Snape spoke up then, his voice flat and devoid of emotion. “I believe I can shed some light on this mystery. I have seen other visions in the mirror. People. You, Mister Potter, at various ages of childhood. You, Sir,” he nodded toward the portrait. “And a woman I have not yet seen among the living. A woman with red hair and green eyes. A woman I believe is related in some way to Mister Potter.”

“Mum,” Harry breathed.

The portrait turned to the ghost, eyes brimming with sadness. “Oh, Severus. I am so sorry. If I could have foreseen this, I would have disposed of that Mirror in another manner entirely.”
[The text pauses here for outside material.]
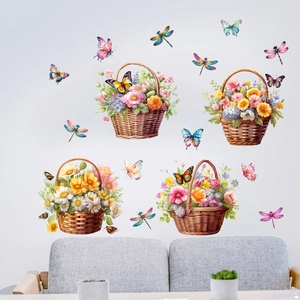 Detailed watercolor flower baskets with butterflies and dragonflies on a white wall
“What do you mean, Professor?” Hermione asked.

“I mean that this Mirror has somehow reached beyond Severus to Harry, and to his young friend David. Perhaps because both have a connection to him, and to each other.” The portrait looked hard at Snape. “That boy is your friend, isn’t he?” Snape nodded, eyes fixed on the stone floor, worn smooth with years of student fidgeting.

“And you, Harry. You were with Severus when he died.”

“Yes,” Harry breathed, the memory of those last awful words, of the light leaving those dark eyes as near as if the events had happened yesterday.

“Professor Snape’s memories were just pouring out him,” Hermione said. “I conjured a flask for Harry, so he could collect them, when Professor Snape begged him to take them.”

The portrait turned severe blue eyes on him then. “And what became of those memories, Harry?”